Mitigate and adapt agriculture to variations in climate

Research to ensure future agricultural production


An Enhanced Study of Climate Warming on Soil Organic Carbon Transformation Using Integrated Data-Model Approach

C4 Gene Manipulation and Climate Change Adaptation in Grain Amaranth via Biotechnology Breeding
 


An Enhanced Study of Climate Warming on Soil Organic Carbon Transformation Using Integrated Data-Model Approach
Dr. Jianwei Li
Humans are changing Earth's climate and global surface air temperature has increased by about 1°C since 1900, and another 2~6°C is expected at the end of this century even if anthropogenic greenhouse gas (GHGs) emissions stopped immediately. This major climate warming is disruptive to human society and natural ecosystems that support human society. While accurate predictions of climate change have remained elusive. Because of the strong link between concentrations of atmospheric CO2-C and Earth's climate warming, understanding the drivers of biogeochemical transformations of soil carbon and CO2 release has become a research priority. In spite of continuously increasing volume of experimental data collections, studies however are insufficient to employ statistical and synthetic approaches to comprehensively extract useful information from a wide range of datasets. It is also extremely rare to integrate data and model and via such an integration to inform both future data collection and model projection. The state-ofthe- art technological development and supercomputing capacity enable us to synthesize and integrate data and quantitative model together in order to facilitate our exploration of the critical biogeochemical issues. This proposed study will not only conduct field and laboratory experiments but also employ quantitative modeling and data synthesis approaches to elucidate soil transformation under warmer temperature.

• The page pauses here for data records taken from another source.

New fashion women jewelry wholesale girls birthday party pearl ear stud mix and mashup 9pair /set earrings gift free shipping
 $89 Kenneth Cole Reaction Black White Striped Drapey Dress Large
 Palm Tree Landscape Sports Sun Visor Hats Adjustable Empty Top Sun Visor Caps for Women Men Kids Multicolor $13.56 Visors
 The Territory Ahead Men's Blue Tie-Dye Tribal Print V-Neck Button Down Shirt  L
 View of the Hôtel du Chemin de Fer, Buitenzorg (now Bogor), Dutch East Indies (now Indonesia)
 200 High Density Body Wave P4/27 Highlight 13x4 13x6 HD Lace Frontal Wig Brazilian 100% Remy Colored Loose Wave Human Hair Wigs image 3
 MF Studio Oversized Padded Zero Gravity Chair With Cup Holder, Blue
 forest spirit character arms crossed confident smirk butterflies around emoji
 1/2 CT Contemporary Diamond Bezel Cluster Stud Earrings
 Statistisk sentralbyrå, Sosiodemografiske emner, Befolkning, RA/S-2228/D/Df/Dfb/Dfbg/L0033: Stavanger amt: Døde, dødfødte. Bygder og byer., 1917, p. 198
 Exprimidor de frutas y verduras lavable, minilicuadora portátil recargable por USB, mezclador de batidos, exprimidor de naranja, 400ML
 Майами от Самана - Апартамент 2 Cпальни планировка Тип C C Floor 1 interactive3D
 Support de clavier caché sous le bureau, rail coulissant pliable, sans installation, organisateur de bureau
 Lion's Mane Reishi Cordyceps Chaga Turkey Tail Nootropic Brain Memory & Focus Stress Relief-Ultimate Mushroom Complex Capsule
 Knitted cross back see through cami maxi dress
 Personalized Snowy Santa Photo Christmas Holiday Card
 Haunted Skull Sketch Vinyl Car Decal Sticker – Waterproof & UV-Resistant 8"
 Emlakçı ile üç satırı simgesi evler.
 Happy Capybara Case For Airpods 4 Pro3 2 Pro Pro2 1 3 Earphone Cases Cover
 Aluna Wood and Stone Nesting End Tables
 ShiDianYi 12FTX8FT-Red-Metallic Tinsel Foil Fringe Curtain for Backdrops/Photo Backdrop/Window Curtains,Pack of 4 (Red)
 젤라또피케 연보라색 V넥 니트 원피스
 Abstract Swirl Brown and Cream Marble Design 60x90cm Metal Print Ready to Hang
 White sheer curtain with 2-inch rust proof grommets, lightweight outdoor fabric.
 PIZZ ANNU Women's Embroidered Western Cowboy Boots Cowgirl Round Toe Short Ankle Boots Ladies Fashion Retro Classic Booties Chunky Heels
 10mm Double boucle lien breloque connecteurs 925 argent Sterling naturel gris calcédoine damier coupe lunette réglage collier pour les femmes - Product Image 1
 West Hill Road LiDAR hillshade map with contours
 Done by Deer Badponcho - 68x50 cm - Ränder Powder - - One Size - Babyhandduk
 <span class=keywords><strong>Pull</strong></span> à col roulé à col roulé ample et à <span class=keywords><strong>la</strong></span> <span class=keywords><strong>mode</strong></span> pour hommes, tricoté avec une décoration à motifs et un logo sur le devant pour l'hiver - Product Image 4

C4 Gene Manipulation and Climate Change Adaptation in Grain Amaranth via Biotechnology Breeding
Dr. Matthew Blair
The rapid change in climate will require the selection for photosynthetic efficiency of the crops which is a pre-requisite best utilization of the C4 photosynthesis systems. This is what we plan to achieve with amaranth in the first part of this program. We do not plan to make a large number of crosses without first screening a large number of parents because of the short/term nature of the initial project (3 years). We will use Amaranth as a pre-existing C4 photosynthesis control in the families of dicotyledonous plants to see if this species is going to be adapted to climate change stresses of drought and higher heat,  perhaps replacing other crops that will become less suitable to the climate. We plan to make three inter/specific crosses in the amaranths to test the possibility of geneflow in this genus. We have in our present collection ornamental and grain amaranths.  We will search for naturally occurring herbicide resistance in pigweed to see if we can understand the inheritance of this trait and whether it comes at a cost in terms of photosynthetic efficiency.